Senin, 1 September 2025

Kuatnya Magnet Haul Nyi Mas Gandasari

DESA Kasugengan, Kecamatan Depok, Kabupaten Cirebon, memiliki magnet untuk mengumpulkan

Editor: Hendra Gunawan
zoom-inlihat foto Kuatnya Magnet Haul Nyi Mas Gandasari
Net
Makam Nyi Mas Gandasari

Laporan Wartawan Tribun Jabar, Tarsisius Sutomonaio

TRIBUNNEWS.COM -- DESA Kasugengan, Kecamatan Depok, Kabupaten Cirebon, memiliki magnet untuk mengumpulkan seluruh warga desa itu setiap Oktober. Magnet itu adalah tradisi Haul Ngunjung Buyut Nyi Mas Gandasari. Di desa itu ada petilasan Sang Ratu.

Bahkan, warga Desa Kasugengan yang berada di tanah rantau, jika tidak ada alangan yang berat, mesti kembali pada bulan itu. Andi Kuswandi (37), warga Desa Kasugengan, mengatakan magnet tradisi pulang kampung Ngunjung Bunyut Nyi Mas Gandasari lebih kuat daripada tradisi mudik Lebaran.
"Saat Lebaran tidak semua anggota keluarga berkumpul, tetapi ketika perayaan Ngunjung Buyut Nyi Mas Gandasari semua anggota keluarga pasti lengkap," ujarnya kepada wartawan di rumah mertuanya, Dusun Pecung Kulon, Desa Kasugengan, Minggu (7/10/2012).
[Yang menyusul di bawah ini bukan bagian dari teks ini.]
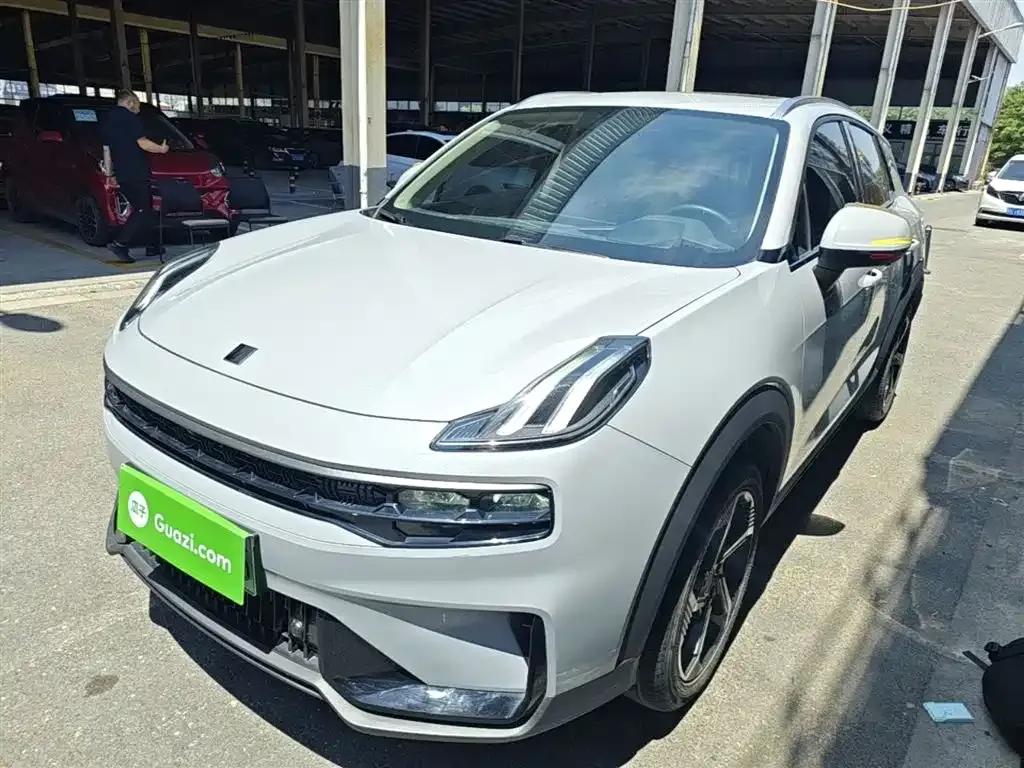 Lynk & Co 06 EM-P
Menurut Andi, warga di desanya meyakini orang yang absen saat perayaan Ngunjung Buyut Nyi Mas Gandasari bisa tertimpa bahaya. Sejauh ini, kata dia, memang belum ada cerita nyata tentang bahaya akibat tak terlibat dalam tradisi itu. Hal itu justru karena jarang ada "pelanggaran" terhadap tradisi itu.
Andi pernah tinggal di Bandung selama beberapa tahun. Setiap Oktober, Andi kembali ke kampung halamannya. "Adik saya pernah menangis karena pihak kantor tak mengizinkan dia pulang," katanya mengenai adiknya yang bekerja di Karawang.

Sudarto (60) mengatakan hal serupa. Sejak menikah, Sudarto pindah rumah ke desa tetangga, Desa Watu Karang. Namun, ia selalu kembali ke rumah saudaranya di Desa Kasugengan setiap Oktober. Biasanya, Sudarto mengajak serta dua cucunya.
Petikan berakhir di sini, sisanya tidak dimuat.